NEON aims to improve the quality and life of European communities through the incorporation of next-generation integrated energy services. These services would unlock the potential of building energy efficiency, renewable energy sources and storage, and flexibility services. Successful integration depends on creating strong synergies between grid stakeholders, services providers, and consumers through cross-sector agreements.

Multi-measure energy efficiency interventions

A multitude of opportunities, with a focus on ‘smartness

Following the goals of NEON, we are exploring and evaluating a wide range of multi-measure energy efficiency interventions with four Citizen Energy Communities. Identifying the most valuable building retrofit and cross-services integration opportunities are critical to developing an effective strategy.

These measures address building system efficiency, energy supply and storage, and the ‘smartness’ of the site. Improving and upgrading the ‘smartness’ of the site is essential to implementing advanced control strategies. On the one hand, monitoring energy flows improves energy management, and is essential for the implementation of automation measures. On the other hand, automation systems control the dispatch of energy or the load while ensuring the consumers’ comfort.

Plan of interventions
A multi-level implementation with numerous technical approaches

As the name implies, multi-measure interventions include solutions at different levels and aspects, in this case, promoting energy efficiency.
The interventions differ in their technical aspect:

  • Smartness’ of individual assets: there are self-contained solutions on the market that can provide ‘smartness’ to different technologies. They enable data collection and remote-control functions. They improve the individual consumption of the asset, while facilitating its future integration into a centralized management system.
  • Storage: adding electric or thermal storage capacity increases the flexibility potential of the system. It helps maximize self-consumption of local solar production.
  • Centralized management system: with the right hardware and communication infrastructure, monitoring, visualization or dispatching assets can be managed centrally. This measure requires that the assets have data acquisition and remote-control capabilities.
  • Dispatch strategy: once the assets are centralized, a customized dispatch strategy can be
    developed to achieve the CECs’ objectives, such as peak shaving or self-consumption
    maximization. It requires the estimation of consumption and flexibility potential to optimize overall energy management and interaction with the grid.

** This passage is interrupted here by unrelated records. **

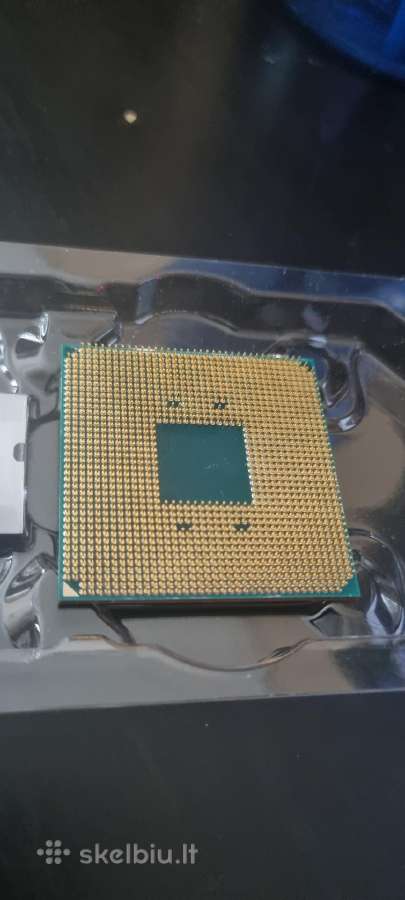 Amd Ryzen 5 1600 - 3.2 GHz - nuotraukos Nr. 2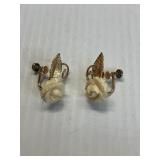 Earrings 14K GF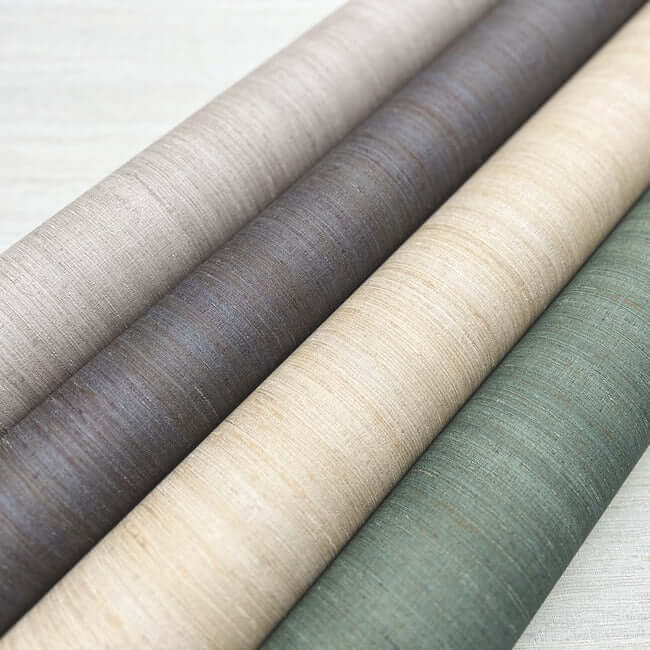 milano-silk-emerald-wallpaper-york-wallcoverings-si6862 - York Wallpaper Wallpaper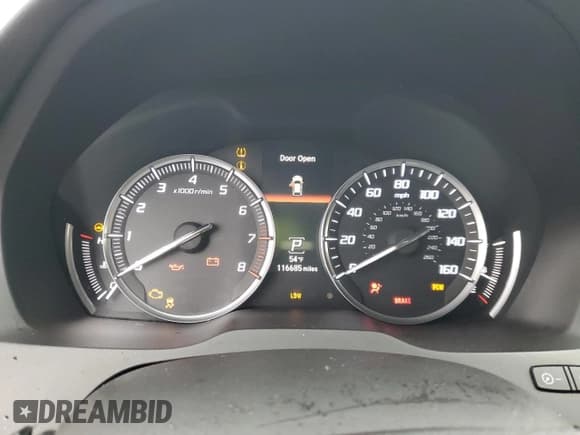 ✅ 2015 Acura MDX Technology • VIN: 5FRYD4H63FB004754 • Lot: 86443195. Listed on Copart with 116,685 mi. Free auction sales archive from the USA and detailed vehicle history report at DreamBid. Image 9.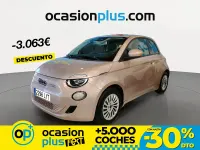 Usado Fiat 500e Icon 86 kW (118 CV) 2022 Otro Utilitario
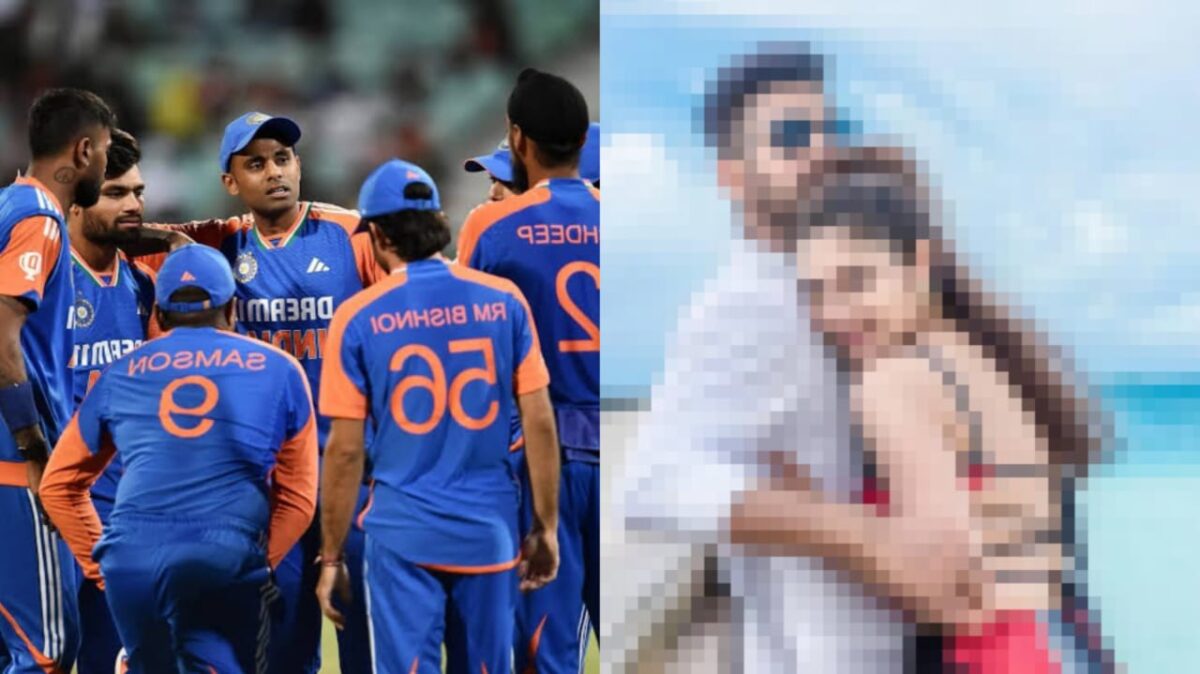 ক্রিকেট কেরিয়ারে ফ্লপ হলেও জীবনে সফল, স্বর্গের পরীর থেকেও সুন্দরী এই ভারতীয় ক্রিকেটারের স্ত্রী !! 1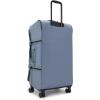 imageKipling Womens Spontaneous Large 31Inch Softside Spinner Wheel Luggage Integrated TSA Accepted LockBlue Stone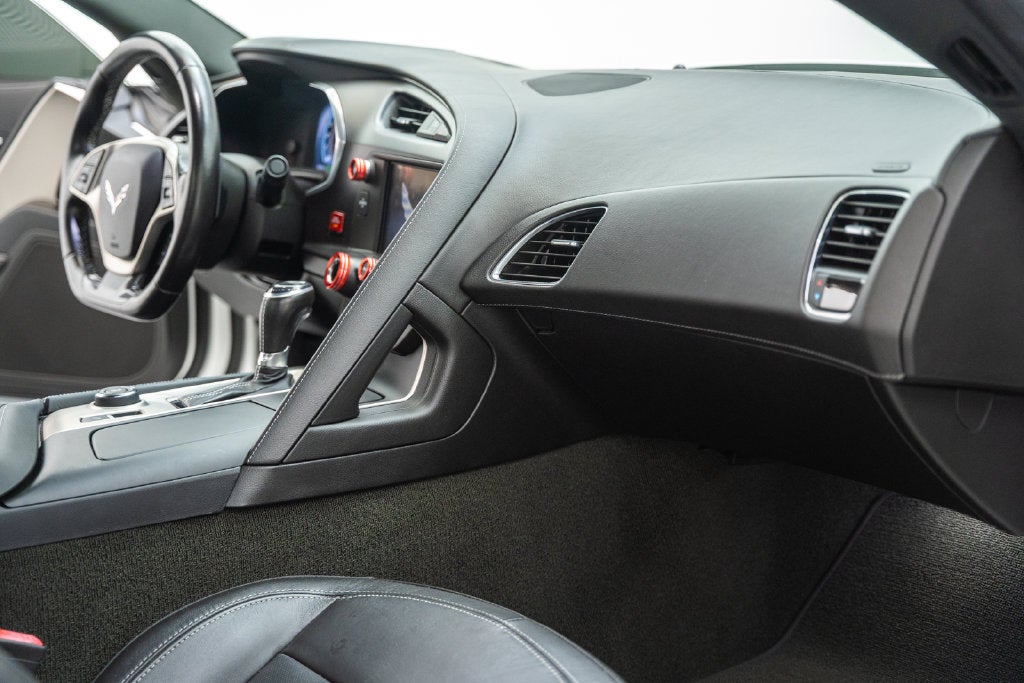2017 Chevrolet Corvette Grand Sport 1LT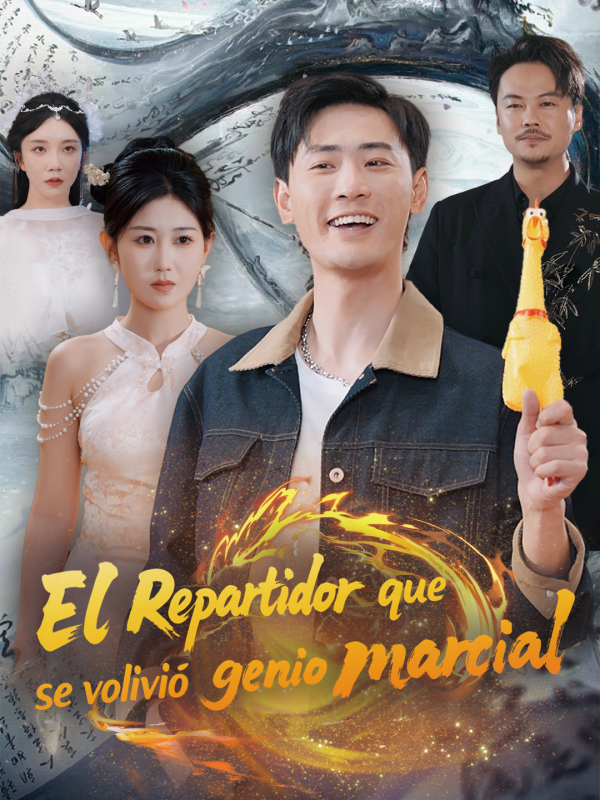 El repartidor que se volvió genio marcial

The proposed measures also differ in their degree of implementation:

  • Centralized or shared assets: the measures at the shared asset level allow for centralized implementation, which benefits all stakeholders and limits privacy issues. Because they tend to involve heavier assets, they generally have the greatest impact and savings.

  • End-user assets: decentralized actions, at the end-user level, require more effort to implement. They require user buy-in and active participation, in addition to the necessary hardware. Therefore, it is important to create the right incentives and remuneration schemes to encourage these measures. In addition, when consumers are involved in a centralized management system, a secure communication infrastructure is required to ensure their privacy.

Key outcomes
A gradual strategy for strong CECs and optimal energy management

The impact of the proposed actions will be assessed through with two indicators:

  • The GoFlex indicator evaluates the flexibility potential of a building. It is characterized in part by the class of the management system, which ranges from D to A depending on 16 predefined requirements.
  • The ‘Smart’ Readiness Indicator (SRI) “[…] provides information on the technological readiness of buildings to interact with their occupants and the energy grids, as well as their capabilities for more efficient operation and improved performance using ICT technologies”1. It is represented by a score between 0 and 100% associated with a class between G and A.

For each site, interventions with different levels of implementation and technical aspects are proposed so that the system gradually moves towards optimized energy consumption. The interventions with multiple measures lead to the fulfilment of 14 to 16 of the GoFlex requirements, compared to a baseline condition of less than 10, depending on the CEC analyzed. Scores from the SRI are multiplied by 1.95 to 3.75, indicating improvement in energy efficiency, flexibility, and storage, as well as user comfort, health, and information. The two indicators confirm that the measures promote interactions within the system itself and with the grid.

Thus, it can be said, that the multi-measure energy efficiency measures, which include multiple the ‘smart’ readiness of a system while improving and upgrading its management system. From a practical perspective, based on the material and time resources available, it is important to adopt a gradual strategy. The planned progression ensures that the system benefits from each measure and strengthens its integration with CECs, moving towards optimal energy management with integrated energy services and cross-sector agreements.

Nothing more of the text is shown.